Supplied material =
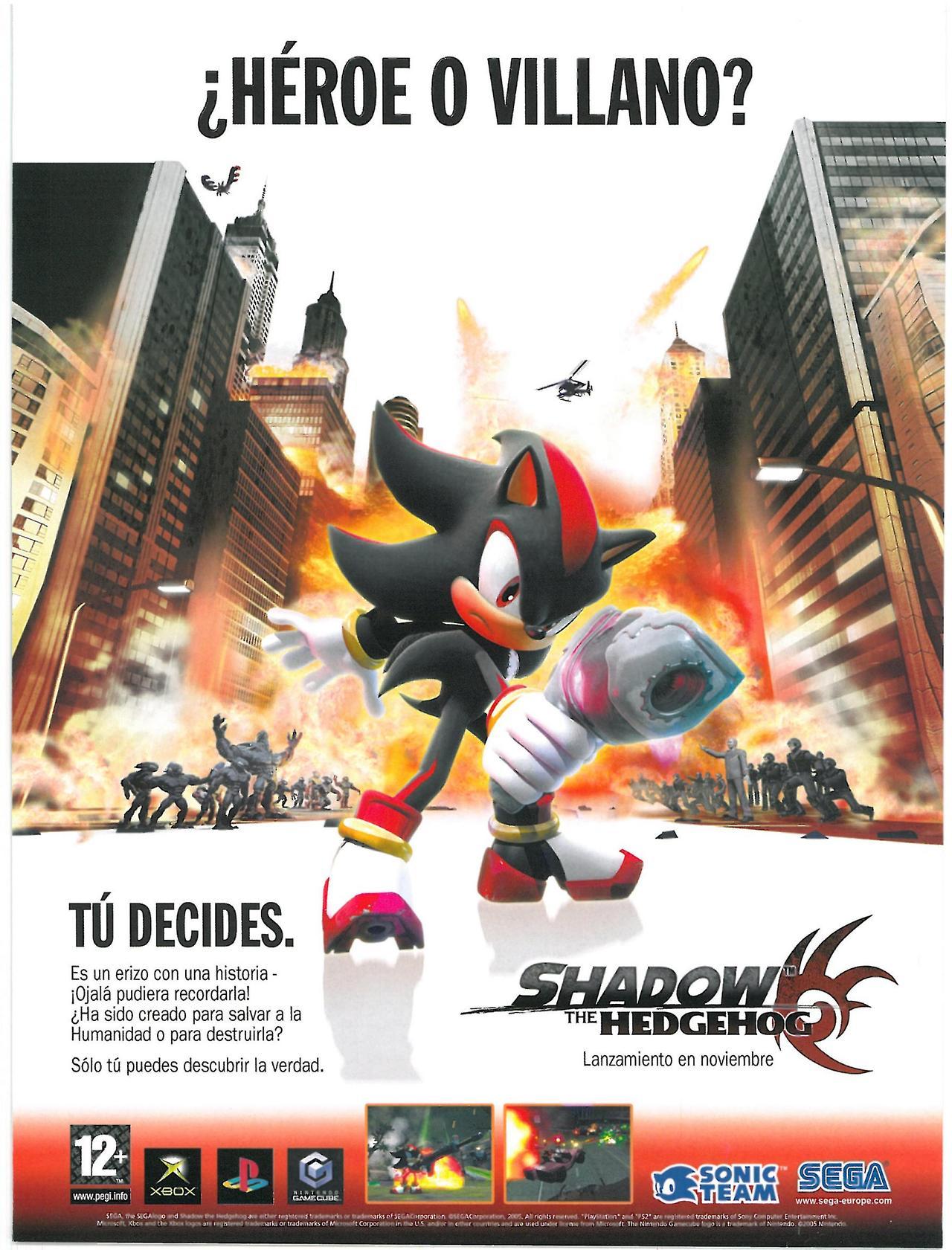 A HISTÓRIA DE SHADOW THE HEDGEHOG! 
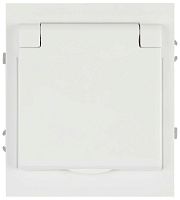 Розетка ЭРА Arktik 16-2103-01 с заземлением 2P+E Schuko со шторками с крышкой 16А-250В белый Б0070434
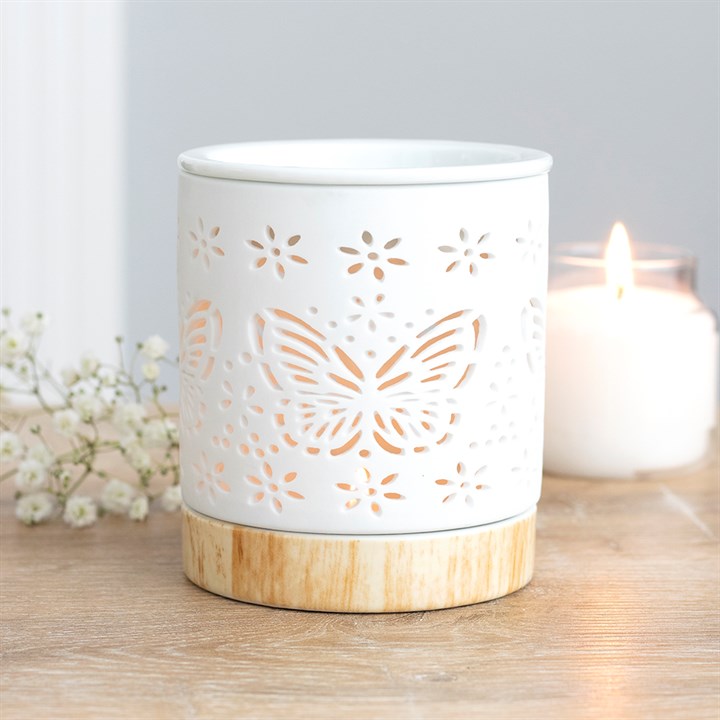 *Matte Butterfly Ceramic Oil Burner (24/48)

Activity = Copy exactly, and copy only, the lines from the one bearing "Розетка ЭРА Arktik" through the closing line of the material, with both ends kept and pictures removed.

Completed exercise =
 Розетка ЭРА Arktik 16-2103-01 с заземлением 2P+E Schuko со шторками с крышкой 16А-250В белый Б0070434
 *Matte Butterfly Ceramic Oil Burner (24/48)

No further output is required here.